Re: [v8 0/4] cgroup-aware OOM killer

Roman Gushchin <guro@xxxxxx> · Wed, 20 Sep 2017 14:53:41 -0700

On Mon, Sep 18, 2017 at 08:14:05AM +0200, Michal Hocko wrote:
> On Fri 15-09-17 08:23:01, Roman Gushchin wrote:
> > On Fri, Sep 15, 2017 at 12:58:26PM +0200, Michal Hocko wrote:
> > > On Thu 14-09-17 09:05:48, Roman Gushchin wrote:
> > > > On Thu, Sep 14, 2017 at 03:40:14PM +0200, Michal Hocko wrote:
> > > > > On Wed 13-09-17 14:56:07, Roman Gushchin wrote:
> > > > > > On Wed, Sep 13, 2017 at 02:29:14PM +0200, Michal Hocko wrote:
> > > > > [...]
> > > > > > > I strongly believe that comparing only leaf memcgs
> > > > > > > is more straightforward and it doesn't lead to unexpected results as
> > > > > > > mentioned before (kill a small memcg which is a part of the larger
> > > > > > > sub-hierarchy).
> > > > > > 
> > > > > > One of two main goals of this patchset is to introduce cgroup-level
> > > > > > fairness: bigger cgroups should be affected more than smaller,
> > > > > > despite the size of tasks inside. I believe the same principle
> > > > > > should be used for cgroups.
> > > > > 
> > > > > Yes bigger cgroups should be preferred but I fail to see why bigger
> > > > > hierarchies should be considered as well if they are not kill-all. And
> > > > > whether non-leaf memcgs should allow kill-all is not entirely clear to
> > > > > me. What would be the usecase?
> > > > 
> > > > We definitely want to support kill-all for non-leaf cgroups.
> > > > A workload can consist of several cgroups and we want to clean up
> > > > the whole thing on OOM.
> > > 
> > > Could you be more specific about such a workload? E.g. how can be such a
> > > hierarchy handled consistently when its sub-tree gets killed due to
> > > internal memory pressure?
> > 
> > Or just system-wide OOM.
> > 
> > > Or do you expect that none of the subtree will
> > > have hard limit configured?
> > 
> > And this can also be a case: the whole workload may have hard limit
> > configured, while internal memcgs have only memory.low set for "soft"
> > prioritization.
> > 
> > > 
> > > But then you just enforce a structural restriction on your configuration
> > > because
> > > 	root
> > >         /  \
> > >        A    D
> > >       /\   
> > >      B  C
> > > 
> > > is a different thing than
> > > 	root
> > >         / | \
> > >        B  C  D
> > >
> > 
> > I actually don't have a strong argument against an approach to select
> > largest leaf or kill-all-set memcg. I think, in practice there will be
> > no much difference.

I've tried to implement this approach, and it's really arguable.
Although your example looks reasonable, the opposite example is also valid:
you might want to compare whole hierarchies, and it's a quite typical usecase.
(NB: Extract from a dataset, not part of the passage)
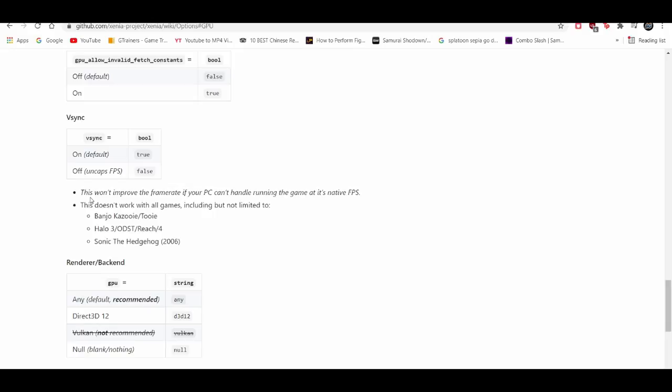Sometimes certain games are not capable of 60 FPS due to the fact that the game was made to only be playable at 30 FPS. Examples include Banjo Kazooie, Halo 3, and Sonic the Hedgehog, specifically Sonic 06.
Assume, you have several containerized workloads on a machine (probably,
each will be contained in a memcg with memory.max set), with some hierarchy
of cgroups inside. Then in case of global memory shortage we want to reclaim
some memory from the biggest workload, and the selection should not depend
on group_oom settings. It would be really strange, if setting group_oom will
higher the chances to be killed.

In other words, let's imagine processes as leaf nodes in memcg tree. We decided
to select the biggest memcg and kill one or more processes inside (depending
on group_oom setting), but the memcg selection doesn't depend on it.
We do not compare processes from different cgroups, as well as cgroups with
processes. The same should apply to cgroups: why do we want to compare cgroups
from different sub-trees?

While size-based comparison can be implemented with this approach,
the priority-based is really weird (as David mentioned).
If priorities have no hierarchical meaning at all, we lack the very important
ability to enforce hierarchy oom_priority. Otherwise we have to invent some
complex rules of oom_priority propagation (e.g. is someone is raising
the oom_priority in parent, should it be applied to children immediately, etc).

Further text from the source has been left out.